Does the URL of the Duckling-Server-URL become a hard coded value of the model?
I ask because a change to the URL with a subsequent call to “rasa train” results in a new model, whereas a call to “rasa train” (without changing the URL) results in a “Nothing changed”-message.
I couldn’t find anything about it in the documentation. Having the Duckling URL as hard-coded component of the model would be very complicated for deployment (f. e. the port used during testing may not be available within a production environment).
If the URL changes then the output of your model should not change. From a modelling perspective you are correct to say “no change has been made”.
However, Rasa uses the files on disk as a checking mechanism to see if there’s been a change locally. I don’t know 100% for sure, but I think it is using a filehash to determine if the config.yml/nlu.md/stories.md/domain.yml files changed. If a change is detected, this is picked up as a reason to retrain. You have a similar issue when you would rename an action/utterance. It is picked up as a new state.
If you were deploying this however it is a little bit different. Typically you’d be using Rasa X on something like kubernetes. In this case the ducking service would be run inside of it’s own container as a seperate service and you would point to the endpoint that kubernetes supplies here. There’s also a variant of this method of deployment that uses docker compose.
After glancing through the docs it does seem like you can configure the endpoint using environment variables as well in. Here’s a reference to the docker compose installation docs (you may need to scroll to the bottom).
I just tested it today. Unfortunately, it seems the Duckling-URL used during training is a hard-coded part of the model, because changing the URL afterwards (in config.yml) does not get reflected. I assume this is a bug?
Nota Bene: We (or the customer in this case) doesn’t want to use Docker.
The configuration in the config.yml should tell Rasa where it can find the Duckling service but it doesn’t run the Duckling service for you. This needs to be running beforehand.
What do you mean with
because changing the URL afterwards (in config.yml) does not get reflected
A trained model will be zipped and placed in a models folder. This will contain all the settings. So if you switch the duckling URL, you may indeed need to retrain the system.
I misunderstood you. Your last sentence was exactly the info I was looking for.
Anyways making a port (or an entire URI) a hard-coded setting doesn’t seem like a good idea to me:
In this case we pretrain the model on our machines and make it available for download. If a customer has already used the Duckling-port we provided during training the model there is no way to change the port except to train a new model (which takes some time).

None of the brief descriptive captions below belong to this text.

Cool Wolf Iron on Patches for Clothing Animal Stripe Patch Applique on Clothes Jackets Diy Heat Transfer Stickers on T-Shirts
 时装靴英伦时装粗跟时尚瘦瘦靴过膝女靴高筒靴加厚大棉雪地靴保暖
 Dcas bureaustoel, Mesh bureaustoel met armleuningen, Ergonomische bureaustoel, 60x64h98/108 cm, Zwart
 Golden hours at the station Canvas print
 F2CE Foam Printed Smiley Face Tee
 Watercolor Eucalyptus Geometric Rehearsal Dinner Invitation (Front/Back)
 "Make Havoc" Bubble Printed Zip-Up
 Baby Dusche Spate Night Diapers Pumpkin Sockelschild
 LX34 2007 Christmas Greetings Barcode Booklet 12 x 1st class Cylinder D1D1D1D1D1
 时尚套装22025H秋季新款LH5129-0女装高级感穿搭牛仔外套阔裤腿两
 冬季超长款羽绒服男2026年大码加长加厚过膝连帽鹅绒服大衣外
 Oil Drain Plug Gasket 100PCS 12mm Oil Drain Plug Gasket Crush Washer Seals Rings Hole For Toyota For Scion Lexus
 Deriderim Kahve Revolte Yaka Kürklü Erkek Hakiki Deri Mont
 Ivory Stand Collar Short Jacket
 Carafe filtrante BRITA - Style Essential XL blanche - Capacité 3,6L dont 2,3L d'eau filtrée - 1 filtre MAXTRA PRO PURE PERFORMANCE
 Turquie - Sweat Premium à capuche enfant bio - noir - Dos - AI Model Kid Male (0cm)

I certainly agree that it is not ideal with regards to the port number.
That said, the other concern that we have is that we must ensure that we retrain the model every time another change is made to that config.yml file. We might be open to a parser that does more than a checksum on the config.yml file but it’s tricky to get that right. Especially when you consider people can write their own custom components and we cannot know upfront which parameters are static and which ones are ‘loose’.
This issue has been around for a couple of years now:
As I say in the last comment, we ended up using a big, external Duckling server that can be used in all environments. It is not an optiomal solution, but I understand that handling custom components can be tricky.